Сменцев перевел разговор; выяснилось между прочим, что добросердечный и не лишенный тонкости Ригель после нескольких споров уже перешел на самую дружественную позицию. Многое понял и не видел ничего «предосудительного» в согласиях Михаила с Романом Ивановичем. Любопытно интересовался, а некоторые «листки» Сменцева решительно ему понравились.
«Может, и хорошо, если кто так думает, — говорил он. — С Федотом, конечно, не стоит об этом заикаться, ну да и Бог с ним. Старый человек. И вообще у нас люди не такие. Я сам признаюсь… незнакомая это для меня область. Но если в подобные идеи верить… отчего же не попытаться. Лишь бы искренно. А народ оттуда ли, отсюда ли — загадка, конечно».
Благоволение Ригеля было приятно Михаилу. Он знал его терпимость, но знал тоже, что Ригель чуток, если не к людям, то к их уклонам; не задумался бы он и с Михаилом порвать, если б увидел в новых «идеях» его предательство старых, заветных.
Что же останавливает Михаила? Неужели странная, внеразумная личная антипатия к Роману Ивановичу? Все, что он говорит, — понятно, близко. Говорит правдиво и открыто. «Союзничество», которое предлагает, такое в конце концов невинное; если обязывающее — то внутренне, и по совести Михаил может в этой мере обязательно выполнить.
К делу Романа Ивановича его влечет; а от самого Романа Ивановича отталкивает.

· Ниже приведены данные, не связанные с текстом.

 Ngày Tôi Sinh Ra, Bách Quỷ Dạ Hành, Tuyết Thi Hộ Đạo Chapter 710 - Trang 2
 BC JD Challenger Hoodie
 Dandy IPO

Сурово судит себя Михаил; а если это отталкивание несправедливое, чисто личное, ревнивое?.. О Литте не сказали они друг с другом почти ни слова, — внешнее только рассказывал Роман Иванович. И влюблен ли в нее, — об этом знает Михаил не больше, чем прежде.
Еще странно: Флорентию с первой встречи Михаил открыл самые глубокие свои сомнения, личные, коренные; а со Сменцевым даже в голову не приходит заговорить о чем-нибудь подобном или его спросить. Точно все само собою разумеется, неприлично и касаться; между тем ведь ничего же не разумеется?

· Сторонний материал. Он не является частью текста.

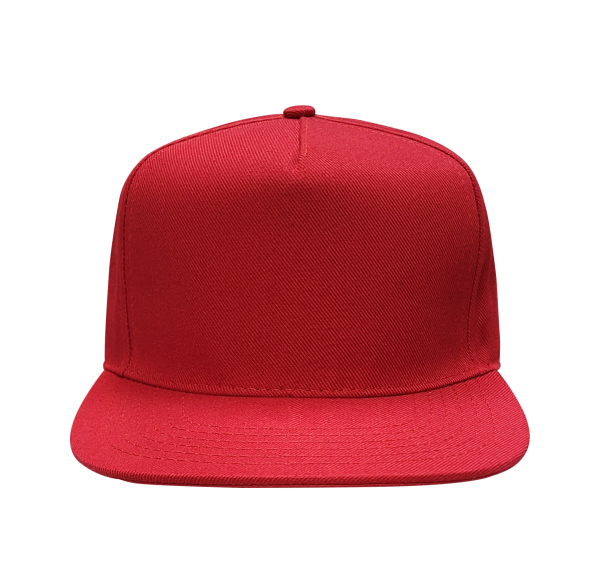 Cali Headwear US01PW 5 Panel Snapback Cap USA Made Sale - Image 2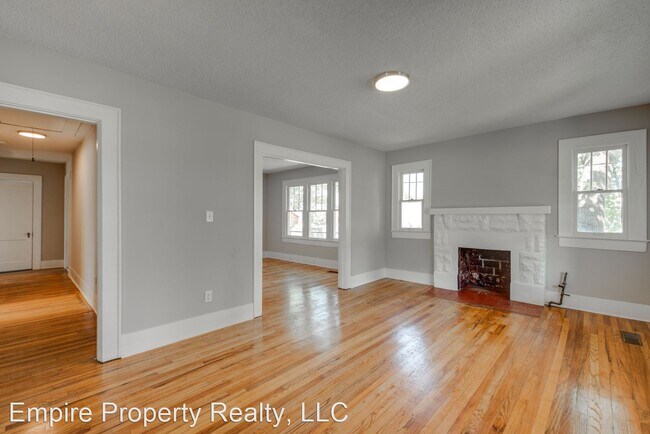 Building Photo - 3 br, 2 bath House - 1509 Mack Smith Road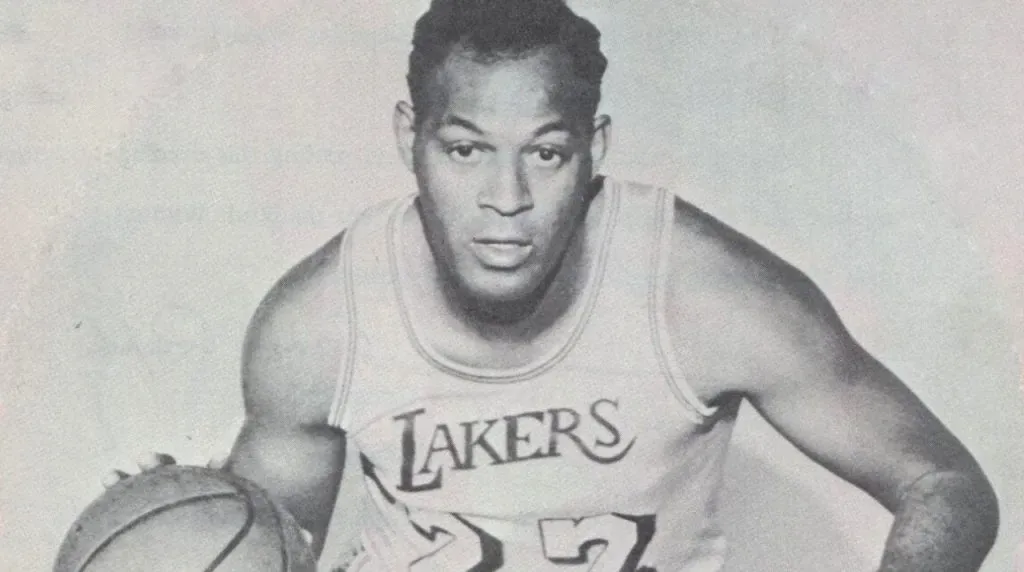 Elgin Baylor, Minneapolis Lakers (NBA)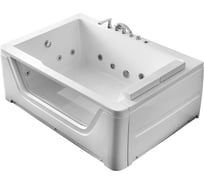 Акриловая ванна GEMY G9226 B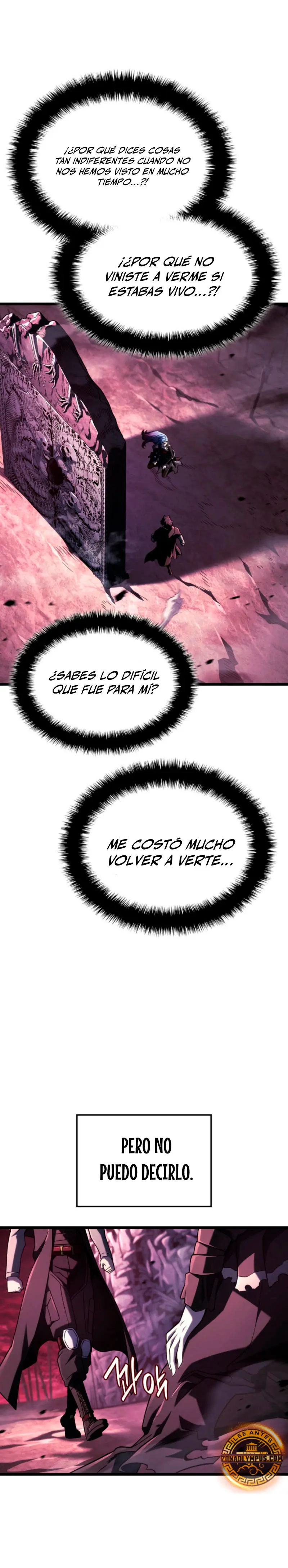 La Venganza Del Sabueso Del Clan De La Espada Capítulo 106 - Page 33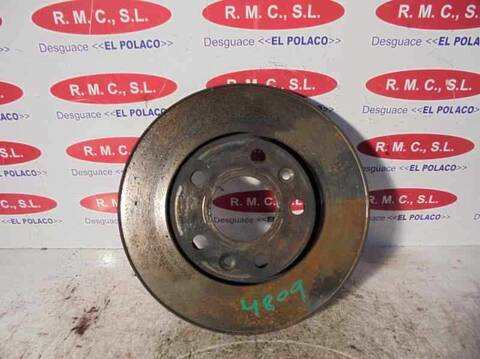 Disco Freno Delantero Renault Laguna 1.5 DCI DIESEL III 110CV 81KW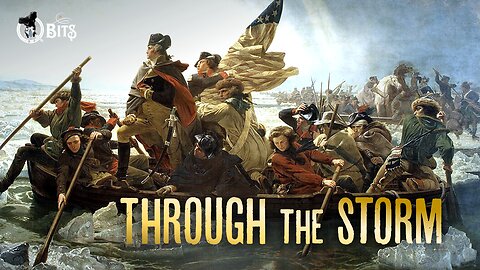 #1146 // THROUGH THE STORM - LIVE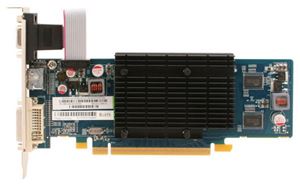 Видеокарта PCI-E ATI Radeon HD 5450 1024Mb Sapphire , DDR2 ( 11166-16-10R ) OEM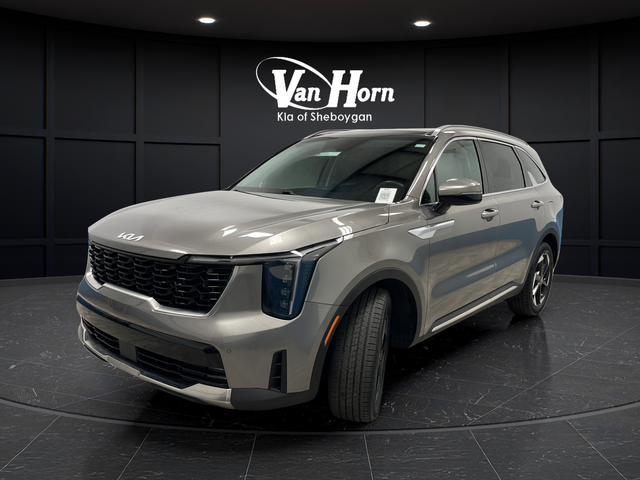 2025 Kia Sorento Hybrid EX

И легко от этого, и трудно.
«Черт знает, — думал Михаил, злясь, — не воду нам с него пить. Не врет, ясно, ну, и кончено. В Литту влюблен — так это дело между нами двумя. Она пишет, что нет, положим. Неприятен он, но всем он вначале противен. Глупости. С Метой вот сразу поладил…»

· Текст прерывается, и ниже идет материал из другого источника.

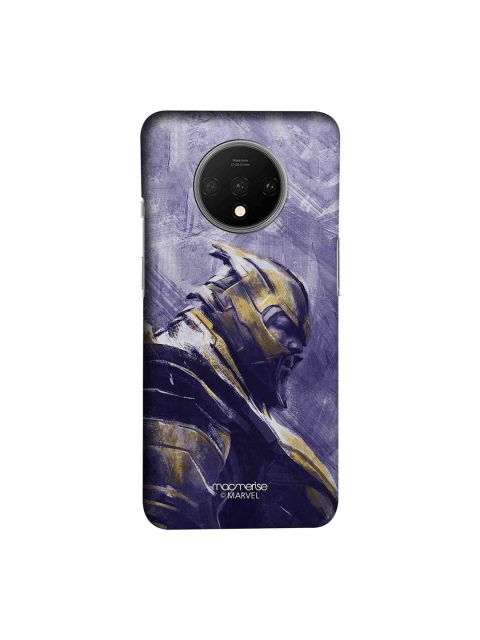 macmerise Purple & Yellow Marvel Comics Thanos Suited Up Sublime OnePlus 7T Back Cover
macmerise Purple & Yellow Marvel Comics Thanos Suited Up Sublime OnePlus 7T Back Cover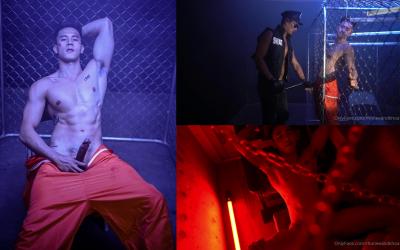 Viet - Rhonee & Khoa Locked Up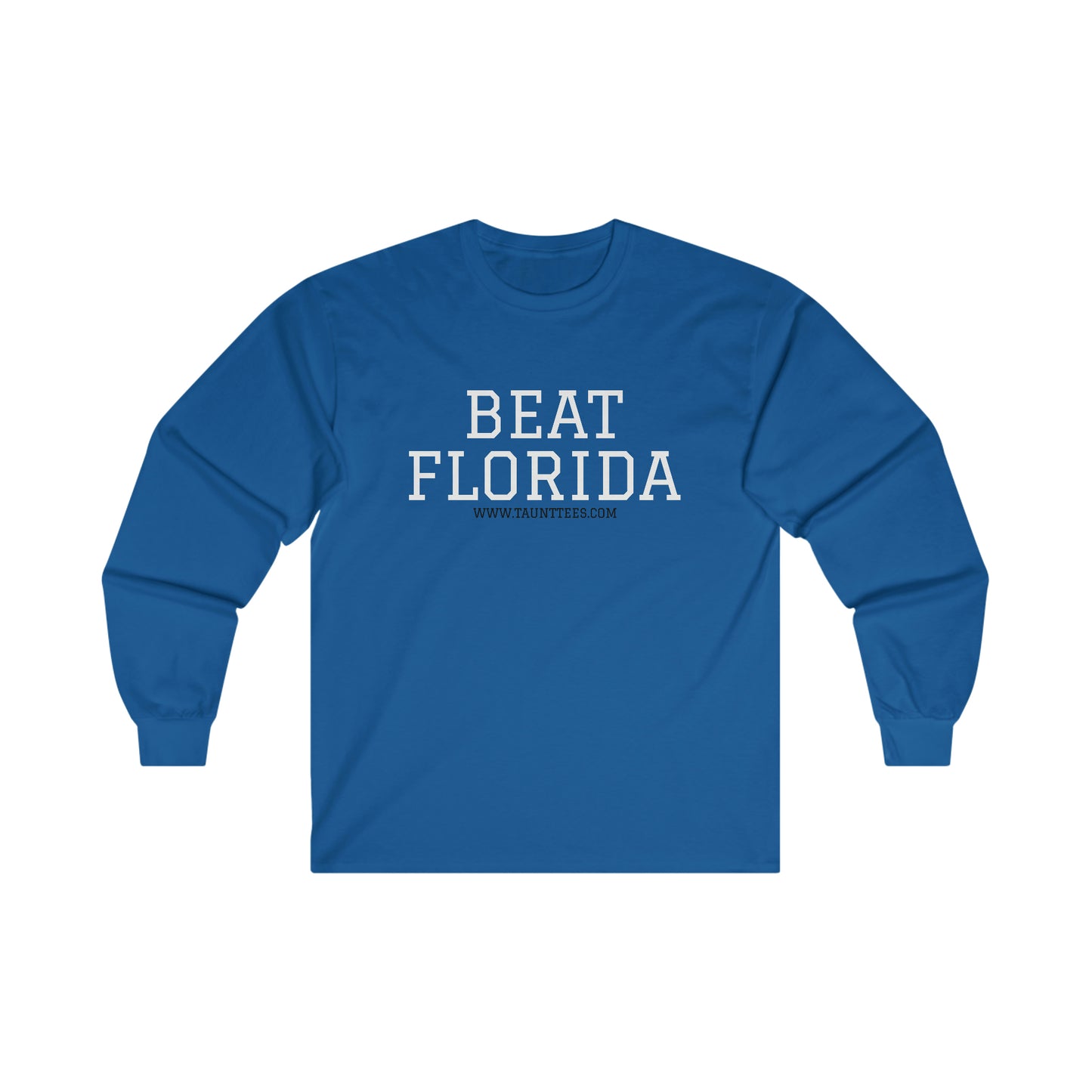 BEAT FLORIDA - LONG SLEEVE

Роман Иванович дружелюбно беседовал с Наташей. Опять о Флорентии, кажется. О Пчелином, о сектантах.
— Роман Иванович, — начал Михаил решительно. — Вы правы, листки не к спеху. Вы оставьте мне тут готовые и весь материал. Подумаю, поговорю, посоветуюсь, как и что. Связь мы во всяком случае сохраним, она очень ценна. Может, еще кто из ваших приедет. Будут у меня подходящие люди, придется, спосылаю.
— Очень рад, — спокойно сказал Сменцев. — Брошюрки вам оставлю, по экземпляру, с отметками. О положении дел вы будете иметь все сведения, самые подробные. Да я еще остаюсь теперь дней десять, успеем сговориться.
— Вы ничего не пьете, — сказала Наташа. — А у нас только вино; чаю нет, возня.
Роман Иванович налил себе полстакана белого и, улыбаясь, выпил.
— За наш союз… или соглашение, или блок, или просто за общие надежды наши… Как хотите. А вы что же, Наталия Филипповна?
Наташа поднесла свой стакан к губам, но сказала несмело:
— Я… я-то какая же союзница? У меня лично все вопросы не решены.
— Ну, это гордыня, — чуть-чуть насмешливо произнес Роман Иванович. — У кого же они так-таки все и решены?